- [Information supplied]
[Start of section]
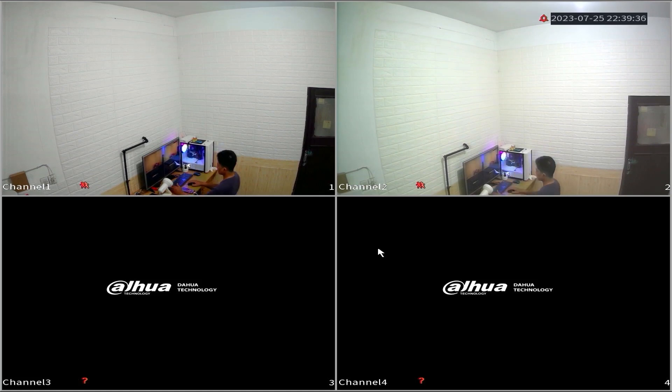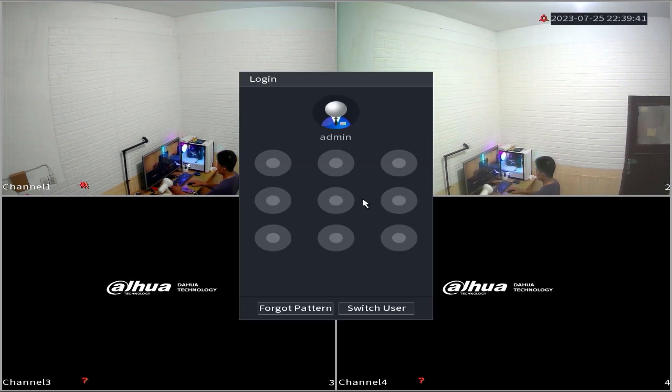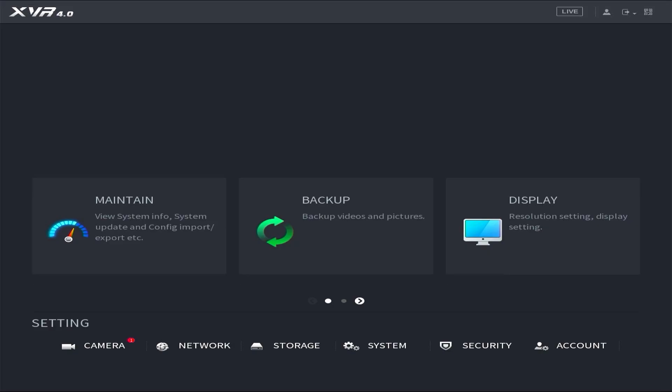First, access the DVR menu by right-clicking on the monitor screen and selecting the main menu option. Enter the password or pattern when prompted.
[End of section]
[Start of section]
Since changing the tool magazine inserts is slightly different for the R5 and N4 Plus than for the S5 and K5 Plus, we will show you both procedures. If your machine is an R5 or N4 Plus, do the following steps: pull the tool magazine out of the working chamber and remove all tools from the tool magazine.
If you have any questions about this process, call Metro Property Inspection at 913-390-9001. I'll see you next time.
[End of section]
When the line with "Since changing the" is reached in the data above, begin copying, and stop after the line with "If you have"; copy each line exactly, both ends included.

Since changing the tool magazine inserts is slightly different for the R5 and N4 Plus than for the S5 and K5 Plus, we will show you both procedures. If your machine is an R5 or N4 Plus, do the following steps: pull the tool magazine out of the working chamber and remove all tools from the tool magazine.
If you have any questions about this process, call Metro Property Inspection at 913-390-9001. I'll see you next time.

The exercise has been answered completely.